- Provided data -
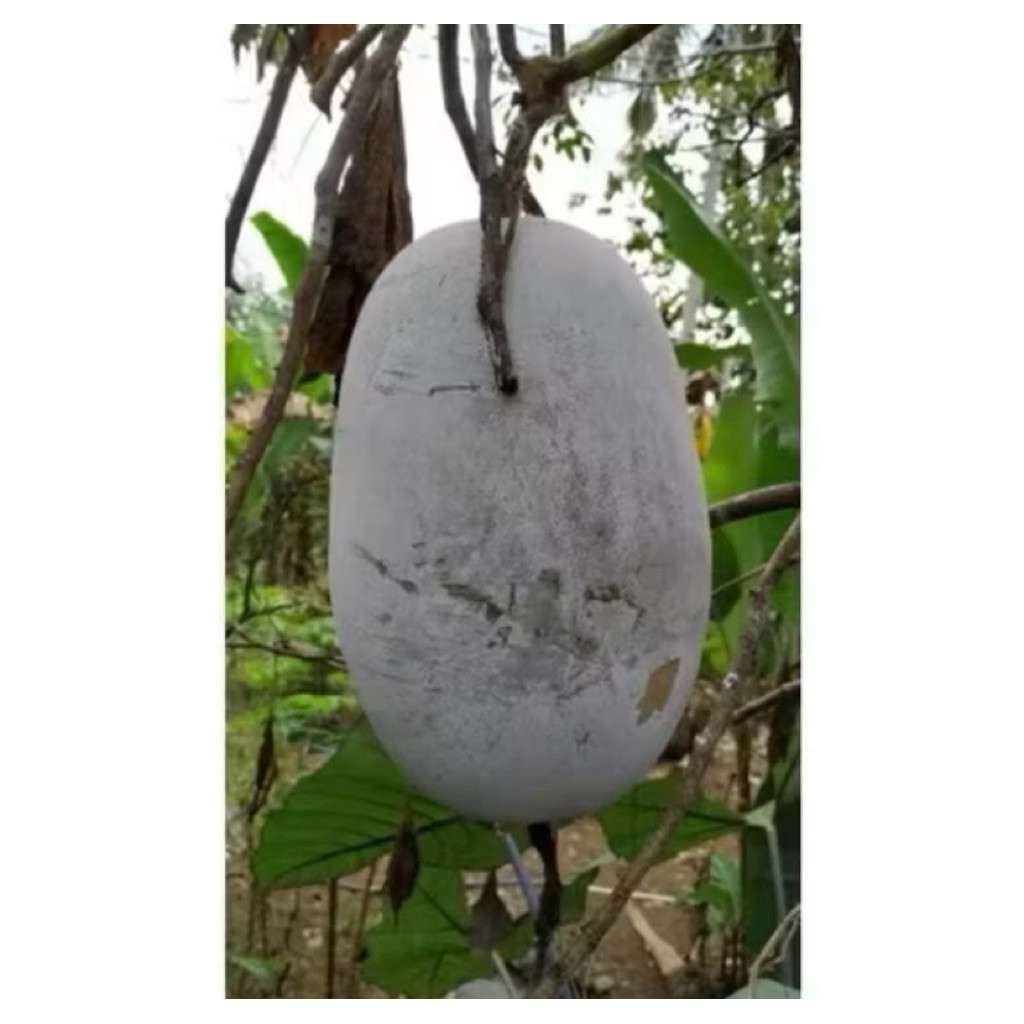 

SALE BUAH BLIGO / BUAH KUNDUR / WINTER MELON 1 - 1,5 KG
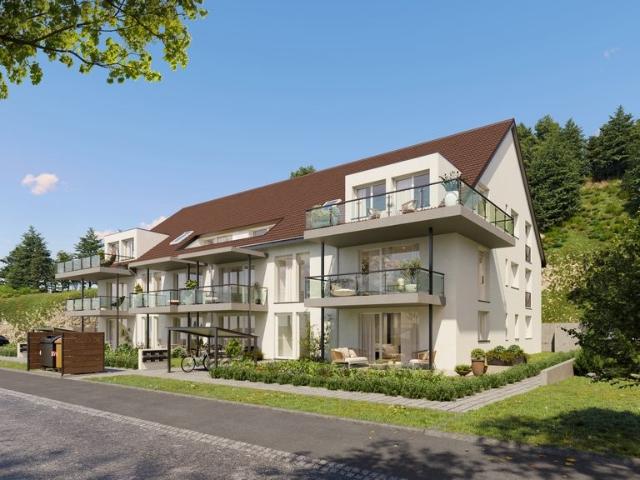 Apartment mieten in Oberbuchsiten, Solothurn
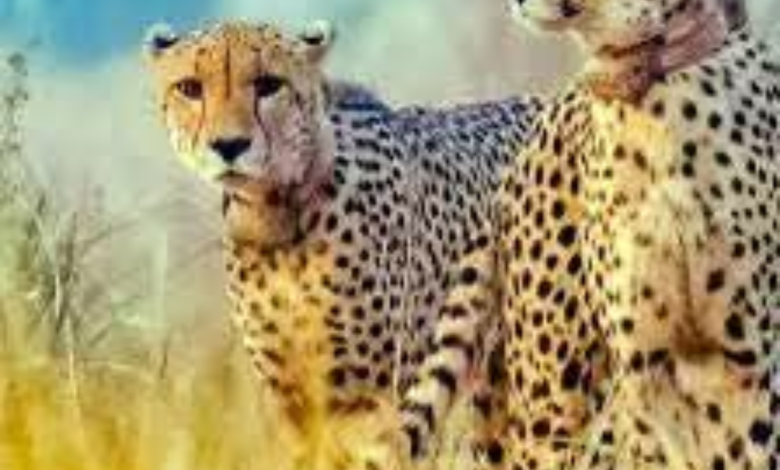 Tiger Project : चीतों का पुनर्वास और हमारी मानसिकता.. 1 Screenshot 20250329 144806.Facebook28129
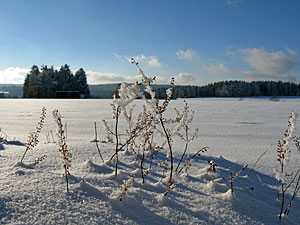 Winter in Tennenbronn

- Problem details -
Pictures stay out; everything else in the listing above is to be repeated exactly.

- Written response -
SALE BUAH BLIGO / BUAH KUNDUR / WINTER MELON 1 - 1,5 KG
 Apartment mieten in Oberbuchsiten, Solothurn
 Tiger Project : चीतों का पुनर्वास और हमारी मानसिकता.. 1 Screenshot 20250329 144806.Facebook28129
 Winter in Tennenbronn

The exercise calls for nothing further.